Some of the most successful traders of all time including George Soros, Stanley Druckenmiller, Ray Dalio, and Jeffrey Gundlach are macro traders. Becoming a successful macro trader is difficult business. Mere mortals without their capital and the time to be proven right will struggle. I can’t afford to be macro-focused. I go where I find daily opportunity and it presents itself in underlyings with inflated volatility or in products that have been beaten down or have gone parabolic. Macro makes for interesting engagement and is useful for reference as I pin my beliefs and assumptions to it like on an adjustable frame. Although my macro perspectives do not drive my daily trades, I do want to trade on the right side of my macro beliefs. And sometimes macro and its complicated tangle of possible future outcomes lead to a high probability conclusion and that is when I will take on a core position.

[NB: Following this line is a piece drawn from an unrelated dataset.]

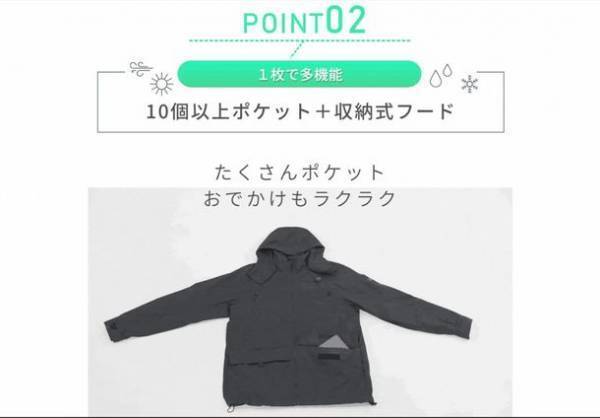 首元から効率よく加温。洗濯可能かつ10以上の収納・耐水・防風のアウトドアパーカー「Amazing IQ」の先行販売を開始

Trade wars, Brexit, possible impeachment and worldwide aggressions provide many reasons to be wary of the health of the world economy. It is difficult to remain constructive about the prospects for senior markets such as the S&P in particular. A temporarily inverted yield curve, repo market madness, and a very old bull market combine to fortify my resistance to being portfolio delta positive. These days my only long positions consist of deeply out of favor securities bouncing along their 52 week lows or ‘falling knives’ bought in anticipation of a short term bounce. I will utilize options whenever feasible to build positions in order to increase my probability of success. So I am much more likely to sell a put in a liquid, high volatility equity that is on its rear than I am selling a put in the /ES. However, I would consider selling an /ES put in the case of a particularly steep and quick drop in the S&P’s. Initial inflated volatility and time decay help the cause when waiting for a bounce.
I do have a core position now thanks to my macro beliefs. I am long precious metals. The reasons are many and well articulated by some of the traders referenced above. I am using /GC futures as this is the most capital efficient way that I know. There is a carrying cost, but it is worth it in my opinion. It is important to remember the leveraged nature of futures so keeping size in check is paramount in order to survive the zigs and zags. I will trade around my core position so I intend to sell and roll calls when there is a run up in the gold price and to cover those calls and sell and roll puts when there is a pullback. There are plenty of other ways to participate in precious metals such as buying bullion and ETF’s like GLD/GDX/GDXJ or by selling puts in those underlyings. The /GC world and many of its associated underlyings are great trading vehicles in that they are liquid and the options have a sizeable volatility component. The silver market is interesting as well, but definitely secondary in its importance.
Another way to play the possible future uptick in precious metals is through ownership of mining company stocks. That is an entirely different universe that will require its own space on this blog. Currently, I own a number of junior resource companies that should participate. I will delve more into this area in future posts as I open or add to my Speculations.